Rechercher

/ languages

Choisir langue
 

US

9/11 suspect asks for death sentence

Article published on the 2008-06-05 Latest update 2008-06-05 14:16 TU

Khaled Sheikh Mohammed after his arrest in 2003 (Photo: AFP)

Khaled Sheikh Mohammed after his arrest in 2003
(Photo: AFP)

Khaled Sheikh Mohammed, the alleged mastermind behind the 11 September 2001 attacks on the US, has fired his defence team and asked to be given the death sentence. He is among five men to face a military tribunal at the Guantanamo Bay detention camp. They could face charges including conspiracy, murder and terrorism. Defence lawyers describe the process as "fundamentally flawed".

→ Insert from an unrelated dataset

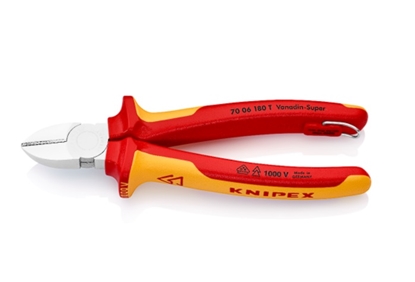 Picture of Plakanknaibles Knipex 7006180T; 180 mm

Khaled Sheikh Mohammed declared that he will carry out his own defence and that he wants to be a martyr.

He is considered the brains behind the attacks. His fellow defendants are Ramzi Binalshibh, Ali Abd al-Aziz Ali, Wallid bin Attash and Mustapha al-Hawsawi Khaled Sheikh Mohammed.

The charges include conspiracy, murder, attacking civilians, intentionally causing serious bodily injury, destruction of property, terrorism and material support of terrorism.

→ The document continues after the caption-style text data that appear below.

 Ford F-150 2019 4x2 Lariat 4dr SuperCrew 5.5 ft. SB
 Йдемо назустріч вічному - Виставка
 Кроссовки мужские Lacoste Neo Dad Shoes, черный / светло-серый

The 9/11 attacks on the World Trade Centre in New York and the Pentagon in Washington, along with a plane whose passengers rebelled against hijacking, killed 2,794 people plus the 19 hijackers.

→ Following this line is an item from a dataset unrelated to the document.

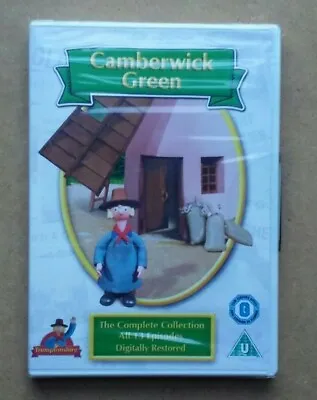 £6.99 • Buy Camberwick Green - The Complete Collection - All 13 Episodes (DVD) NEW & SEALED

The trial will take place in a specially-built room, which allows the judge, Marine Corps Colonel Ralph Kohlmann, to seal off the hearing from the public in order to hear certain testimony in secret.

The US government has released a limited number of documents which show that Khaled Sheikh Mohammed confessed to about 30 actual or planned attacks on American soil, as well as the murder of US journalist Daniel Pearl.

But defence counsel Colonel Steven David swore to expose "each and every one" of the trial's alleged flaws.

Those include the admission by the Central intelligence Agency (CIA) that it subjected Mohammed to "waterboarding" – an interrogation technique that makes a detainee feel as if he or she is drowning – and the use of classified evidence that the defendants may not challenge.

The five were arrested in 2002 and 2003 and held in CIA prisons outside the US before being transferred to Guantanamo in 2006.

The legal advisor to the military commission, Brigadier-General Thomas Hartmann, said that the defence team has been granted "extraordinary" rights but added that even if they are acquitted, the suspects will continue to be held until the US's "war on terror" is declared to be over.